The December 1 editorial on Cyprus and the European Union by the Financial Times advocates
nothing less than allowing the annexation of thirty seven percent of Cypriot territory to the Turks,
and allowing the ethnic cleansing of over 200,000 Greek Cypriots to stand. The dangerous
precedent set by the British and French appeasement of Germany during the 1930's stands as a
powerful example as to why Europe must ensure that Turkey comply with all conditions put forth
toward Cyprus, or be denied membership. For two hundred years, British and Western policies were
based on appeasing Turkish regimes (Ottoman and Kemalist). The result has been the systematic
genocide and extermination of Armenian, Assyrian, and Greek Christians from their homelands in
Anatolia, and the preservation of a repressive and fanatical military dictatorship in Turkey that has
paved the way for an Islamic takeover through its rigid intolerance.
Abandoning established legal, moral, and political principles of the European Union would be
harmful for Cyprus and Turkish democracy alike. The reform of Turkey has been a major issue
in the foreign policies of the Western powers for over two centuries. Both the declining Ottoman
Empire and the successor Turkish Republic have remained immune toward reform because Turkish
leaders always understood that Western governments tended to balk when it came to forcing
Turkey to account for its most notorious crimes against humanity which have been manifested
through genocide and ethnic cleansing against non-Turkic and non-Muslim populations, torture
and murder against Turkish dissidents, and acts of external aggression against neighbors such
as Syria and Cyprus.
The conflict in Cyprus is between the internationally recognized Republic of Cyprus which can
claim the accords of 1959, numerous United Nations Resolutions, and various rulings of the European
Court of Human Rights to supply the steadfast validity of its positions, and the Turkish aggressor on
the other.
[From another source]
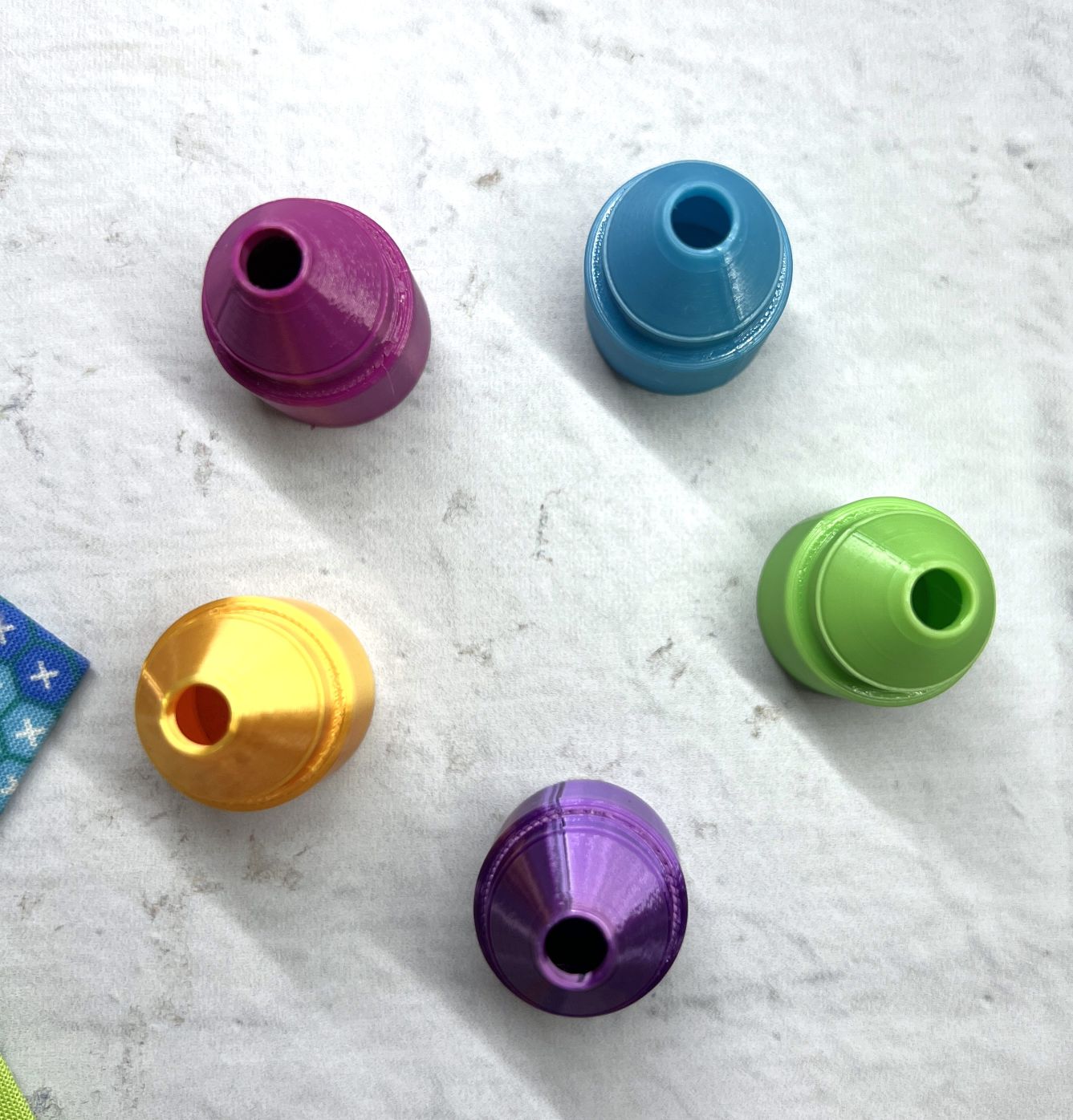Colorful plastic beads scattered on a white textured surface.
Allowing trade or direct flights inside the Turkish occupied territories of Cyprus would bring
about the dissolution of the Republic and leave the population of Cyprus vulnerable to the future whims
and territorial desires of Turkey's brutal political leadership which will either continue to be right wing
zealots among the General Staff, or fanatical Islamic fundamentalists who have established
great political power and influence despite decades of incessant apologies by Western politicians and
commentators alike on behalf of Turkey even amidst State sponsored atrocities such as the anti-Greek
pogroms of 1955.
The members of the European Union who insist on holding the line against Turkey deserve praise and
not criticism. If Turkey is not held accountable for its aggression in Cyprus and repressive domestic
policies, history will further repeat itself with Turkey being rewarded for its cruel and inhumane policies.
Turkish reform of its external and domestic policies will not be possible if the European Union bends
the rules in order to accommodate Ankara. It appears that the Financial Times has adopted the
ideas of disgraced Prime Minister Neville Chamberlain.